MW: Ich habe natürlich keine Angst, aber ich will das Ganze schon am liebsten jedes Mal absagen und frage mich, wer eigentlich die Idee hatte und was das überhaupt soll. Also das begleitet mich die ganze Zeit… (lacht)

LW: Das kann ich nachvollziehen, du bist ja ohne doppelten Boden unterwegs …

MW: Ja, aber das liegt natürlich auch an dem Alleinsein, das würden sicher andere Kolleg:innen, die Monologe spielen, auch bestätigen. Die Parameter, an denen man sich in einem Ensemble festhalten kann, die gibt es hier einfach nicht …

LW: Welche inszenatorischen Entscheidungen waren notwendig, um den Monolog auf diese Art in die Stadt zu tragen?

RO: Am Anfang haben wir versucht, Orte zu finden, die zum Text passen, damit es eine Korrespondenz gibt zwischen den Orten und den Texten, die dort gesprochen werden. Nach und nach hat Michael vorgeschlagen, die Reihenfolge des Textes zu ändern, damit wir auch die Poesie mit der Stadt weiterentwickeln können. Also haben wir uns erlaubt, die Themen von Koltès in eine Reihenfolge zu stellen, die zu der Stadt passt, in der der Monolog stattfindet. 

MW: Wir machen eigentlich eine „kaputte Dramaturgie“, wir bedienen bewusst keine Erwartungshaltung gewöhnlicher Erzählstrukturen.
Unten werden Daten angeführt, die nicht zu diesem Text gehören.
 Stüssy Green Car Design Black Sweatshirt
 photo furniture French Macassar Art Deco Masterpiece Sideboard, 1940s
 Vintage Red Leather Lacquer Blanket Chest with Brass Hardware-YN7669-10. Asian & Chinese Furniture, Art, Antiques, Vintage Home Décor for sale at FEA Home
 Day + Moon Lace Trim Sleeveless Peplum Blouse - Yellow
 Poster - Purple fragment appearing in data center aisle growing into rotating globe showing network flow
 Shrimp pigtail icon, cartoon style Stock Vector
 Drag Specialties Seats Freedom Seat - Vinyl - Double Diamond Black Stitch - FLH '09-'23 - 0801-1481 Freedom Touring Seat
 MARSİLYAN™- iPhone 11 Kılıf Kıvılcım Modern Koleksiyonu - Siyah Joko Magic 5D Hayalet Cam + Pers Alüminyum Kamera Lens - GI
Bei uns soll man permanent das Gefühl haben, dass die Inszenierung vielleicht gleich vorbei ist, einen Moment zu lang ist, oder dass Handlungen unlogisch sind – ich glaube das ist, was mich fasziniert und interessiert, weil die Realität ja auch so ist: Leute tun unanständige Sachen, Leute tun unlogische Dinge, obwohl sie es besser wüssten. Leute machen sich Probleme, obwohl sie einfach nur miteinander reden müssten. Das anzunehmen kann Trost spenden und das finde ich im Theater oder ohnehin in der Kunst ganz wichtig. 

LW: Der Text handelt von Einsamkeit, Ausgrenzung und dem Wunsch nach Nähe. Wie spiegelt die Stadt als Bühne diese Themen? Wonach sucht ihr, wenn ihr die Route plant?

MW: Ich glaube, es kann jede:r mal ausprobieren, wie wenig passiert, wenn man sich irgendwo hinstellt und einfach mal „Entschuldigung“ sagt. Die Isolierungserfahrung in der Großstadt ist immens. Aus dieser Beobachtung kommt die Sehnsucht nach Orten, an denen viele unterschiedliche Menschen zusammenkommen – also Cafés, Restaurants, U-Bahnen, Promenaden … Natürlich gibt es auch noch die Ecken, die ein bisschen Anti-Theater sind. Und dann gilt es, in Korrespondenz mit dem Text herauszufinden, ob es gut ist, wenn Text und Umgebung zusammenpassen, oder ob es besser ist, wenn es gerade nicht passt. Wie im Leben ja auch, manchmal sagt man die passendsten Sachen in einer unmöglichen Umgebung.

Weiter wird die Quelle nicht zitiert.